Los jueces a dedo

El actual ministro de Justicia lleva poco tiempo en el Gobierno, pero en el transcurso de estos escasos meses no ha estado muy afortunado que se diga. Ha hecho, es cierto, las delicias de comentaristas, tertulianos y periodistas, aunque en más de una ocasión ha debido de poner pálido al presidente del Gobierno, como cuando vino a decir en el Parlamento que antes o después retornaría el diálogo con ETA. Son de esas cosas que aunque se piensen, nunca se dicen. Primero, porque si la banda terrorista sabe que tiene abierta la vía del diálogo permanentemente, aumenta su posición de fuerza; y segundo, porque de cara a las próximas elecciones todo el empeño del presidente del Gobierno es convencer al personal de lo contrario.

Ahora el ministro nos ha obsequiado con otra perla retórica. Propone nombrar a los jueces a dedo, porque no otra cosa es designarles por el mero expediente académico. Los políticos tienen siempre la tentación -más cuanto más sectarios son- de controlar la Administración y convertirla en una prolongación del partido en el poder. Una de las características, sin embargo, de un sistema democrático es la autonomía e independencia de que esta debe gozar frente al poder político. Sus actuaciones han de estar pautadas y regladas. Las oposiciones se encuentran entre los elementos que garantizan esa independencia. Algún administrativista ha dicho, y no es exageración, que el único instrumento democrático durante el franquismo era el sistema de oposiciones, que objetivaba el reclutamiento de los funcionarios.

Es posible que con frecuencia las oposiciones no se hayan instrumentado de la forma más racional, y quizás muchas de ellas necesiten de reformas, de manera que se eliminen los factores más memorísticos. Siempre me ha parecido una aberración eso de cantar los temas. Me recordaba un pasaje de aquella película española, La casa de la Troya, en la que el catedrático interpretado por José Isbert afirmaba que entre dos alumnos uno que supiese el texto de memoria y otro que no dijese nada aprobaba al segundo y suspendía al primero. El segundo estaba en condiciones de aprender algún día la asignatura; el segundo, nunca.

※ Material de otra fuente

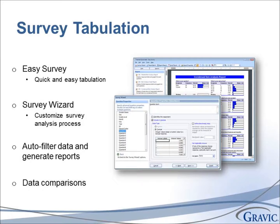If you choose to use Remark Classic OMR for surveys, Remark QuickStats includes the Easy Survey function, which allows for quick and easy survey tabulation, as well as the Survey Wizard function, which allows the user to customize the survey analysis process. You also have the option to auto-filter your data and generate reports, as well as conduct data comparisons.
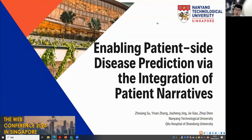Hello everyone, I'm Su Zhixiang and I'm giving a presentation from a paper published on the Web Conference 2024. Our title is Enabling Patient-Side Disease Prediction with the Integration of Patient Narratives.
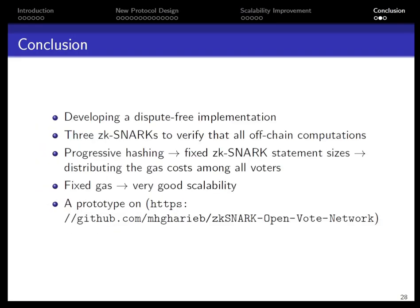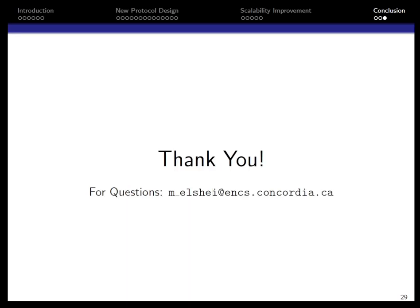To sum up, we developed an Ethereum-based dispute-free OpenVote network. We delegated heavy computation to off-chain parties in a verifiable manner and used three ZK-SNARK circuits to verify the correctness of the off-chain computation. We also proposed two improvements to achieve a fixed statement size and fixed gas cost paid by the administrators and voters. Our prototype can be found in this GitHub repository. Thank you.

Pero cualquier oposición, incluyendo la de los jueces, puede plantearse con otro tipo de ejercicios más práctico, donde no solo se demuestren los conocimientos sino también la capacidad para aplicarlos. Reformar las oposiciones está bien y puede ser conveniente; eliminarlas, sustituyéndolas por la designación digital, aunque se vista de algún tipo de prueba o concurso, es profundamente negativo. Solo puede tener un efecto: equiparar nuestra Administración a la de un país políticamente subdesarrollado.

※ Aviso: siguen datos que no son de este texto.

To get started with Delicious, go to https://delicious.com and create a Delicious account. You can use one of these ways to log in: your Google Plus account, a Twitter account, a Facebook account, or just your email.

Paradójicamente, la Transición y la llegada de la democracia no han significado el avance que cabría esperar en la forma objetiva y profesional de reclutar a los empleados públicos. Si nuestra Constitución afirma tajantemente que debe hacerse según los principios de mérito y capacidad, en la práctica ha habido una cierta tendencia a olvidarlo. La creación de las Administraciones autonómicas ha representado una vía de escape, ya que en la mayoría de los casos el personal accedía a la función pública mediante el clientelismo político, evocando el procedimiento de turnos de la Restauración.

La creación a lo largo de todos estos años de entes y organismos sui géneris ha representado, bajo el pretexto de la agilidad y la eficacia, la ruptura de los procedimientos pactados y el avance de la discrecionalidad, discrecionalidad que como no podía ser de otra forma tenía también su reflejo en la contratación de personal. El nuevo Estatuto del empleado público abre caminos peligrosos. Con la excusa de la modernidad, admite un tipo de ejercicios y pruebas selectivas poco objetivas y que son susceptibles de una gran arbitrariedad.

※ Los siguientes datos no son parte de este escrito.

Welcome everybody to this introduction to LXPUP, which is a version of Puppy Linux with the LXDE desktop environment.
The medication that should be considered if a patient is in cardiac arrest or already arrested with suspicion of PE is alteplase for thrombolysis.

El peligro de clientelismo político aumenta exponencialmente con la Ley de Agencias, en la que se admite la designación de personal no funcionario para todos sus cuadros directivos mediante contratos de alta dirección, copiados del sector privado, totalmente abiertos y sin ningún requisito para el acceso. En el caso de que este nuevo y deforme modelo de organismo se generalice mediante la conversión de determinadas parcelas de la Administración, aumentará en muchos grados la politización de la función pública, politización entendida en el peor sentido, en el del sectarismo partidista.

Si esta forma de actuar, cuando se trata de los empleados públicos en general, se puede juzgar nociva para la salud del sistema democrático ¿qué decir si se intenta aplicar al tercer poder del Estado, cuya independencia frente al Ejecutivo debe estar al abrigo de cualquier sospecha?